The 2012 Global Lung Function Initiative (GLI) provide multi-ethnic spirometric reference equations (SRE) for the 3-95 year-old age range, but Sub-Saharan African populations are not represented. This study aimed to evaluate the fit of the African-American GLI SRE to a population of healthy urban and peri-urban Zimbabwean school-going children (7-13 years).

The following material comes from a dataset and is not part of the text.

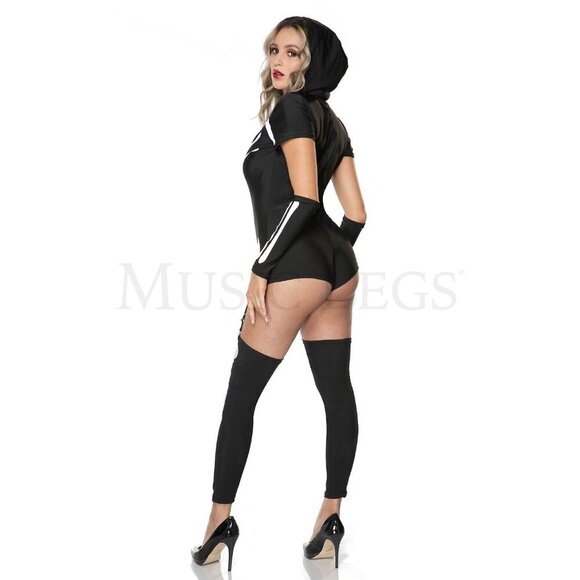 Sexy Skeleton 3 Pc Halloween Front Zip Skeleton Romper Costume Set Size M/L - Picture 7 of 7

Spirometry and anthropometry were performed on black-Zimbabwean children recruited from three primary schools in urban and peri-urban Harare, with informed consent and assent. Individuals with a history or current symptoms of respiratory disease or with a body mass index-z score (BMI) < - 2 were excluded. Spirometry z-scores were generated from African-American GLI SRE, which adjust for age, sex, ethnicity and height, after considering all GLI modules. Anthropometry z-scores were generated using the British (1990) reference equations which adjust for age and sex. The African-American GLI z-score distribution for the four spirometry measurements (FVC, FEV, FEV/FVC and MMEF) were evaluated across age, height, BMI and school (as a proxy for socioeconomic status) to assess for bias. Comparisons between the African-American GLI SRE and Polgar equations (currently adopted in Zimbabwe) on the percent-predicted derived values were also performed.

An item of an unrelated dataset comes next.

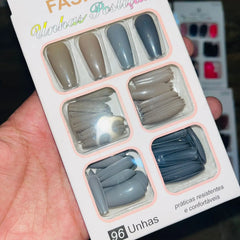 Color Sister Salon Look Artifical Nails With Free Stickers (96Pcs 4 Color in One Pack)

The validation dataset contained acceptable spirometry data from 712 children (344 girls, mean age: 10.5 years (SD 1.81)). The spirometry z-scores were reasonably normally distributed, with all means lower than zero but within the range of ±0.5, indicating a good fit to the African-American GLI SRE. The African-American GLI SRE produced z-scores closest to a normal distribution. Z-scores of girls deviated more than boys. Weak correlations (Pearson’s correlation coefficient < 0.2) were observed between spirometry and anthropometry z-scores, and scatterplots demonstrated no systematic bias associated with age, height, BMI or socioeconomic status. The African-American GLI SRE provided a better fit for Zimbabwean paediatric spirometry data than Polgar equations.
The use of African-American GLI SRE in this population could help in the interpretation of pulmonary function tests.